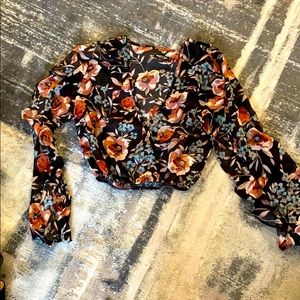 Nasty Gal Floral top long sleeve low cut
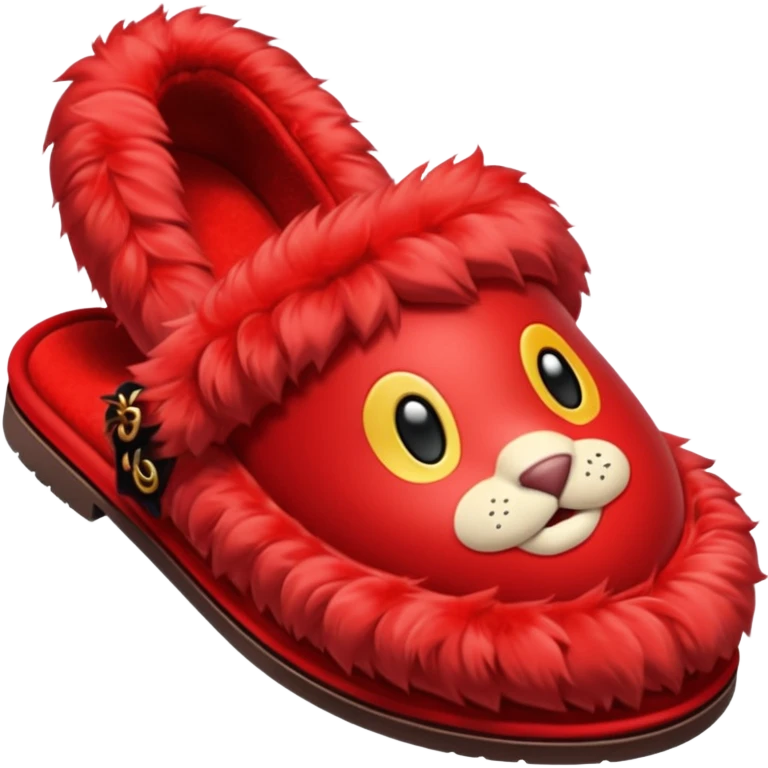 red slippers with red fur emoji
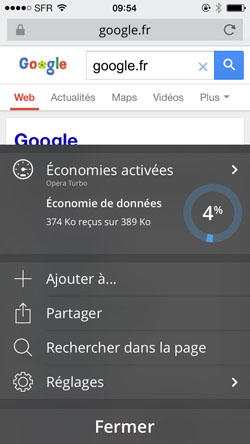 étape 2 : comment vider le cache du navigateur mobile Opera sur iPhone Menu général d’Opera sur iPhone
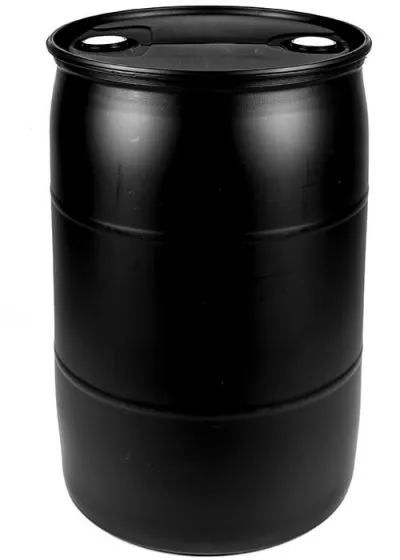 55 GALLON PLASTIC DRUM CLOSED HEAD, BLACK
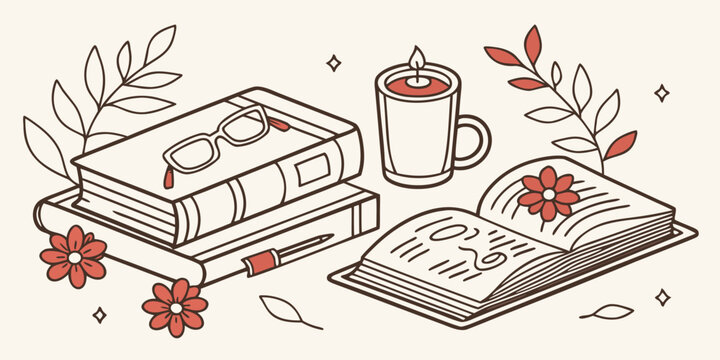 Vintage style botanical book illustration with flowers leaves eyeglasses and candle in mug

------------------------

--- YOUR OBJECTIVE ---
Return every entry of the data above verbatim, with no images included.

--- TASK ANSWER ---
 Nasty Gal Floral top long sleeve low cut
 red slippers with red fur emoji
 étape 2 : comment vider le cache du navigateur mobile Opera sur iPhone Menu général d’Opera sur iPhone
 55 GALLON PLASTIC DRUM CLOSED HEAD, BLACK
 Vintage style botanical book illustration with flowers leaves eyeglasses and candle in mug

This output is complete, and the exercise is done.